Definitely Limericks by Rory Ewins


The ad cost us six thousand bucks,
But the cost of each mille is the crux.
So for twelve thousand views,
That’s five hundred we lose
For each thousand who know that it sucks.

CPM = cost per mille

A journalist wanting words checked
Leaves a note for a sub to detect.
His method of quelling
Each dubious spelling?
Write after it cq (correct).

“Hurry up!” says our dad, “Crack the whip!
Get a move on—they’re closin’ the tip
Soon.” We load up the ute,
And then off we all scoot,
Shouting, “Open ’er up! Let ’er rip!”

In Australia, the local tip is the town rubbish dump—an ideal place for a family outing in yer ute (utility vehicle or pickup).

“The cranage to transfer this stuff
From our ship to the dock is enough
To send anyone broke!”
Cried our boss. As he spoke,
We all managed to keep looking tough.

It’s the use of a crane in some way,
Or the tariff the user must pay:
Cranage 1 involves lift;
Cranage 2, feeling miffed.
Heavy loads either way, one could say.

This article headline’s a smash—
One that though at first reading’s a crash
Blossoms into a flower
Of its form: that’s the power
Of a risible media splash.

What’s a crash blossom? It stems from a 2009 headline on the online news site Japan Today, “Violinist linked to JAL crash blossoms”, which members of a copy editing forum deemed “an excellent neologism for infelicitously worded headlines”.

The stoutest of Brexiters shout,
“The EU! What’s it done for us? Nowt!
Shove their deal! Screw debate!
We’ll be fine! We’ll be great,
Britain, whether or not we crash out.”

The possibility of a “no deal” Brexit in which the UK would crash out of the European Union without a withdrawal agreement was roundly denied by prominent Leavers during the 2016 Referendum campaign. As negotiations have failed to produce a deal acceptable to all of the pro-Brexit majority in the House of Commons as well as to the EU, No Deal is being increasingly normalised. A substantial minority of the population and even some government MPs now disbelieve the government’s own analysis of its significant potential impact on Britain’s economy and daily life, and welcome the prospect of crashing out on 31 October 2019.

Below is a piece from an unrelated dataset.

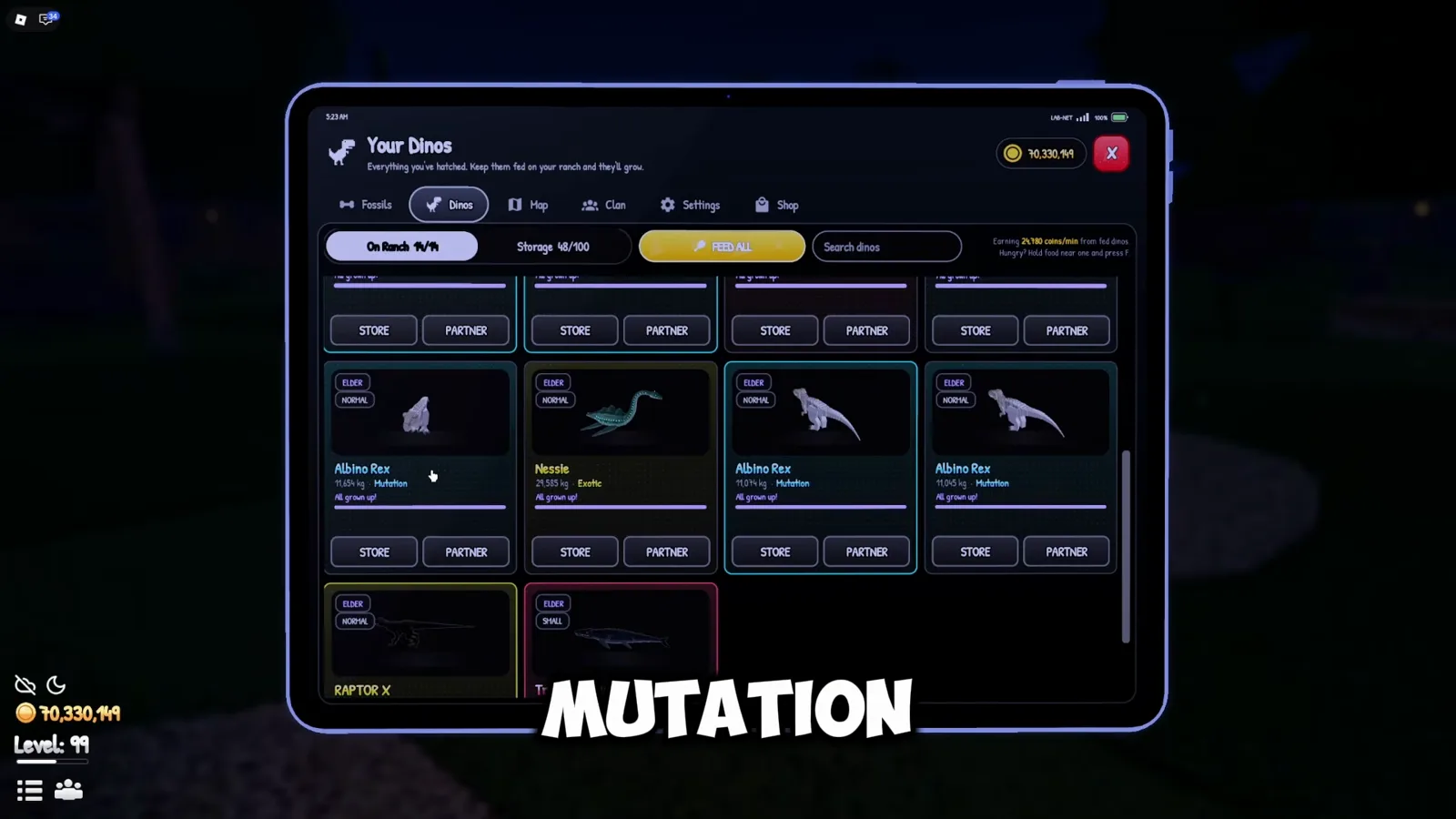 The relabelled tiers: Mutation, Exotic, Mythic and Common Your Dinos rarity labels in Prehistoric Farm showing Albino Rex as Mutation, Nessie as Exotic and True Argentinosaurus as Mythic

A crayfish got caught in a crevice
In a creek to the north of Ben Nevis,
And swore, “I’m a crawfish
Who’ll struggle to claw fish.
How awful I’m also called crevis.”

Crafish, cravish and cravis are among many other archaic variant spellings for the freshwater crustacean. Crawfish, the American term, is also heard in Scotland.

When Tasmanian fishermen say
That they’ve landed a crayfish or cray,
It’s a lobster they’ve caught,
Not the freshwater sort—
They’re prohibited catches today.

In south-eastern Australia, crayfish usually refers to rock lobsters, not freshwater crayfish. The various Tasmanian freshwater species (including the world’s largest, Astacopsis gouldi) are now all protected.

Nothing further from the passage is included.